It is worthy, however, of observation, that the comforts which he administers at an earlier, and at a more advanced period, are, for the most part, widely different; the one being rather of a tumultuous nature, the other more serene; the one more transient, the other more abiding; the one elevating the spirits of a man on account of the good that has accrued to him; the other humbling and abasing his soul, on account of his great unworthiness: the one is a fire recently kindled, in which there is a considerable mixture of flame and smoke; the other like a fire that has become bright and solid, and burns with an unobtrusive, but mighty, efficacy. In confirmation of what I have said, I need only add, that this is the very description which God himself has given us of his kingdom: that it “consists not in externals of any kind, but in righteousness, and peace, and joy in the Holy Ghost [Note: Romanos 14:17.].”

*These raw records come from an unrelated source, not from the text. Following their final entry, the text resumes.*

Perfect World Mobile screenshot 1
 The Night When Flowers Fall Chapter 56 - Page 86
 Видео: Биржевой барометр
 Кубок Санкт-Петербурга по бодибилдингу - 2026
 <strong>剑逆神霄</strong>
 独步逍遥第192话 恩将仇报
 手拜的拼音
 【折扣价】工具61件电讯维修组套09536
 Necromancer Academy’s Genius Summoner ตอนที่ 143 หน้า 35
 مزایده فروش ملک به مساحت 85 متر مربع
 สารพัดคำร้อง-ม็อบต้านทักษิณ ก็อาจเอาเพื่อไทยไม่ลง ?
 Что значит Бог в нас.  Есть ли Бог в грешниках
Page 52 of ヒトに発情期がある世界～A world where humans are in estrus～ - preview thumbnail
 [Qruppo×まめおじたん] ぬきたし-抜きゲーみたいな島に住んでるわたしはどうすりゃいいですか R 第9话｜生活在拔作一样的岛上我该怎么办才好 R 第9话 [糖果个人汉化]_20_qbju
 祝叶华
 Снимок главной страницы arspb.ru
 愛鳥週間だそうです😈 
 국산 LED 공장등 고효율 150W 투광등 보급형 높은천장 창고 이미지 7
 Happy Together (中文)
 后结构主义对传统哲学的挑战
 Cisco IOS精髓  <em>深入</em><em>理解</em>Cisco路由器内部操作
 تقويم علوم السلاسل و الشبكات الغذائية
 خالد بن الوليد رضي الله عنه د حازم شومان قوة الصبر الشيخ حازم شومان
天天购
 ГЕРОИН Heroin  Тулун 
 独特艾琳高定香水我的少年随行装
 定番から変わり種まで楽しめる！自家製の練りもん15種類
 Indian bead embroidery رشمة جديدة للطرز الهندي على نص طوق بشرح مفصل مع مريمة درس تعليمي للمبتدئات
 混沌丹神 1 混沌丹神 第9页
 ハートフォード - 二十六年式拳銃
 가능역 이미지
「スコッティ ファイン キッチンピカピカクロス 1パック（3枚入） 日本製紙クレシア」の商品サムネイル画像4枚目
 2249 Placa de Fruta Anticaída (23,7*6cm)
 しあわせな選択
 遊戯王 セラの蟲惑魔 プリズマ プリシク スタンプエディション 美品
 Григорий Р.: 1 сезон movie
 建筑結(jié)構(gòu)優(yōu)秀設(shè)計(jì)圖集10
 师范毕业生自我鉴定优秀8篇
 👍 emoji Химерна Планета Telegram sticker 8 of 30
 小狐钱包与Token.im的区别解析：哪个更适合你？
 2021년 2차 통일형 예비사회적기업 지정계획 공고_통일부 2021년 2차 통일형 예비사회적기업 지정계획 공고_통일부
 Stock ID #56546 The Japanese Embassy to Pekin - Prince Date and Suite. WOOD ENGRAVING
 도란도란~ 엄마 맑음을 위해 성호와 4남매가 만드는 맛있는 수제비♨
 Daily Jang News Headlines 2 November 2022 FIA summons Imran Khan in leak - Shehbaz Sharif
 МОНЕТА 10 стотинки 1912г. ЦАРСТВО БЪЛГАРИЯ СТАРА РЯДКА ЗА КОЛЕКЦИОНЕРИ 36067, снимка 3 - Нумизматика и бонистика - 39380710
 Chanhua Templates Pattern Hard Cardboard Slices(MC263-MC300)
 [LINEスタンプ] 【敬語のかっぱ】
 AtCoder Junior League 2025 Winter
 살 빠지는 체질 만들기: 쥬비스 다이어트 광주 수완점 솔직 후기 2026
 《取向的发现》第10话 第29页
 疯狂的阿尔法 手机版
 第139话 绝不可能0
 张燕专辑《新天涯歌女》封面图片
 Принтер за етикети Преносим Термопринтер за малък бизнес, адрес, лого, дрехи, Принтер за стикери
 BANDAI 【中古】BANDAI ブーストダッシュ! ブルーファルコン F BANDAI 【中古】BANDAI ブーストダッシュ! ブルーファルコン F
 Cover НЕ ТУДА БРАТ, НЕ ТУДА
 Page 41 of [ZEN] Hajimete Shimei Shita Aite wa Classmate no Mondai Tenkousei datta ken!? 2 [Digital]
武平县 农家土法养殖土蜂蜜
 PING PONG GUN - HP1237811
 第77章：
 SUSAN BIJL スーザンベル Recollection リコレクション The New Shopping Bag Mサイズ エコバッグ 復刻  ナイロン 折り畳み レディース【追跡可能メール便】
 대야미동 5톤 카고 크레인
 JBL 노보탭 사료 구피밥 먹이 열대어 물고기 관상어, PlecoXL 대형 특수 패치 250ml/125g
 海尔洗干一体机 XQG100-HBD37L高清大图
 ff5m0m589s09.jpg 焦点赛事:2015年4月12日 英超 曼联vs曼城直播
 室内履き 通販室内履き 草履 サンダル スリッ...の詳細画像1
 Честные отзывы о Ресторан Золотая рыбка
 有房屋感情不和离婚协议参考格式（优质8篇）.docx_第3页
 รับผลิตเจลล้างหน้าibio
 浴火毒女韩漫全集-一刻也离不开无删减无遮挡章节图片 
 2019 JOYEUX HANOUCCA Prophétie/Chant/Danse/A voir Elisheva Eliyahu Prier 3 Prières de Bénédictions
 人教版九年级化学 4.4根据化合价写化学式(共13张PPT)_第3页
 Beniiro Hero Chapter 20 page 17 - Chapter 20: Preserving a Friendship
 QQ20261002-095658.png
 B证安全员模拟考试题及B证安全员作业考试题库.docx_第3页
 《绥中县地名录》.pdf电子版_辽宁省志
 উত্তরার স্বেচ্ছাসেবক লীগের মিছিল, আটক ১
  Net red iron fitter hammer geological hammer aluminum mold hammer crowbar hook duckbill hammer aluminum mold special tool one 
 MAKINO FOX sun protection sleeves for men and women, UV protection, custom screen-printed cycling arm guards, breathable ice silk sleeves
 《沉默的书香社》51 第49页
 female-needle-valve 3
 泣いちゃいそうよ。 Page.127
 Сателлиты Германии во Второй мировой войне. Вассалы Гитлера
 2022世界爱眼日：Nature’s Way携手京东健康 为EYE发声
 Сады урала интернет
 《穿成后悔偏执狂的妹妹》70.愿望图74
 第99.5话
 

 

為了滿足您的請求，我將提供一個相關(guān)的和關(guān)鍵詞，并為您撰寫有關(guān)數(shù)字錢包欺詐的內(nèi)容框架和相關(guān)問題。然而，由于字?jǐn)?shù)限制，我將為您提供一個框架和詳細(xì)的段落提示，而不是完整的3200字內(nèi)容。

And now, will any one say that these blessings were peculiar to the apostolic age, and are not to be expected by us? What then is the meaning of that interrogation, which St. Paul addressed to the whole Corinthian Church, “Know ye not that ye are the temple of God, and that the Spirit of God dwelleth in you [Note: 1 Coríntios 3:16.]?” And, again, “Know ye not your ownselves, how that Jesus Christ is in you, except ye be reprobates [Note: 2 Coríntios 13:5.]?” Hence it is evident, that this is a truth, of which we must not only have the actual experience, but a consciousness also, that it is realized in us: and the man who questions it as a matter of Christian experience, has yet to learn the very first principles of the Christian faith: for even to the murderers of our Lord did St. Peter on the day of Pentecost announce, that this blessing should be theirs; and that too even to their latest posterity: “Repent, and be baptized every one of you in the name of Jesus Christ for the remission of sins, and ye shall receive the gift of the Holy Ghost: for the promise is to you and to your children, and to all that are afar off, even as many as the Lord our God shall call [Note: Atos 2:38.].” In fact, this is the promise which was originally made to Abraham for himself and all his believing posterity, whether of the Jewish or Gentile world, even “the promise of the Spirit through faith [Note: Gálatas 3:14.].”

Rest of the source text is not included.